■ **Material shown**:

[Start of section]

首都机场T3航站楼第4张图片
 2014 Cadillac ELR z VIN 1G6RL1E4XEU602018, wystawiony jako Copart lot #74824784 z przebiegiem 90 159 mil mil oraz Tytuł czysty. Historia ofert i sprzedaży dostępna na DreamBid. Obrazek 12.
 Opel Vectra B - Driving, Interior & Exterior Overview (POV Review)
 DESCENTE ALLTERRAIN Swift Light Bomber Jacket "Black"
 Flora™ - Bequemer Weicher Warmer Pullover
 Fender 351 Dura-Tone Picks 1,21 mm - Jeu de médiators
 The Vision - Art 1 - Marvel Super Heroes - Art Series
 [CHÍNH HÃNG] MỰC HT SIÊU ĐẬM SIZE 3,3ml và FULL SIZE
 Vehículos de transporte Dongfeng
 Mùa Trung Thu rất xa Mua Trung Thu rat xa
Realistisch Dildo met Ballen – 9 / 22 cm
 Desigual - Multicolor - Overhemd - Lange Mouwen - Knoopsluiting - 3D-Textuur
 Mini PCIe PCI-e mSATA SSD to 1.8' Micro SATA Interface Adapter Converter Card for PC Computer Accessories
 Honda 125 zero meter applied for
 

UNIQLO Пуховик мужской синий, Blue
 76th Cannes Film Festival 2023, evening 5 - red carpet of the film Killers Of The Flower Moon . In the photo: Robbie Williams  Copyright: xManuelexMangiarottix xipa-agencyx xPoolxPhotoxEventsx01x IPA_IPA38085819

[End of section]

■ **Exercise brief**:
Nothing but the line with "Mùa Trung Thu rất xa Mua Trung Thu rat xa" and the lines after it, through the end of the material, should appear in the output, word for word.

■ **Answer box**:
 Mùa Trung Thu rất xa Mua Trung Thu rat xa
Realistisch Dildo met Ballen – 9 / 22 cm
 Desigual - Multicolor - Overhemd - Lange Mouwen - Knoopsluiting - 3D-Textuur
 Mini PCIe PCI-e mSATA SSD to 1.8' Micro SATA Interface Adapter Converter Card for PC Computer Accessories
 Honda 125 zero meter applied for
 

UNIQLO Пуховик мужской синий, Blue
 76th Cannes Film Festival 2023, evening 5 - red carpet of the film Killers Of The Flower Moon . In the photo: Robbie Williams  Copyright: xManuelexMangiarottix xipa-agencyx xPoolxPhotoxEventsx01x IPA_IPA38085819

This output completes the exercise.